Segment Start: Data extracts

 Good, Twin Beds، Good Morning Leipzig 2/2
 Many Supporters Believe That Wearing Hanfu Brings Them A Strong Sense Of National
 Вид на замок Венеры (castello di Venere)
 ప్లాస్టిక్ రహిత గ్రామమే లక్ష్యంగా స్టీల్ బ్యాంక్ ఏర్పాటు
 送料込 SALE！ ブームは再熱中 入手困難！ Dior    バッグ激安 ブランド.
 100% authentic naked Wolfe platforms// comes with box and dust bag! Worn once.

Segment End: Data extracts
Segment Start: Data extracts

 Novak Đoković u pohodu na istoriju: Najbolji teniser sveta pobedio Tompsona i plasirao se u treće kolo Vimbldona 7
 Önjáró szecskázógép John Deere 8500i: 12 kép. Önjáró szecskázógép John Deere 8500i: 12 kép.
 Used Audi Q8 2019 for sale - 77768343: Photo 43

Segment End: Data extracts

**Directions**
What you return should be exactly the lines above, starting at the one with "ప్లాస్టిక్ రహిత గ్రామమే" and ending at the one with "100% authentic naked", and nothing else.

**Exercise response**
 ప్లాస్టిక్ రహిత గ్రామమే లక్ష్యంగా స్టీల్ బ్యాంక్ ఏర్పాటు
 送料込 SALE！ ブームは再熱中 入手困難！ Dior    バッグ激安 ブランド.
 100% authentic naked Wolfe platforms// comes with box and dust bag! Worn once.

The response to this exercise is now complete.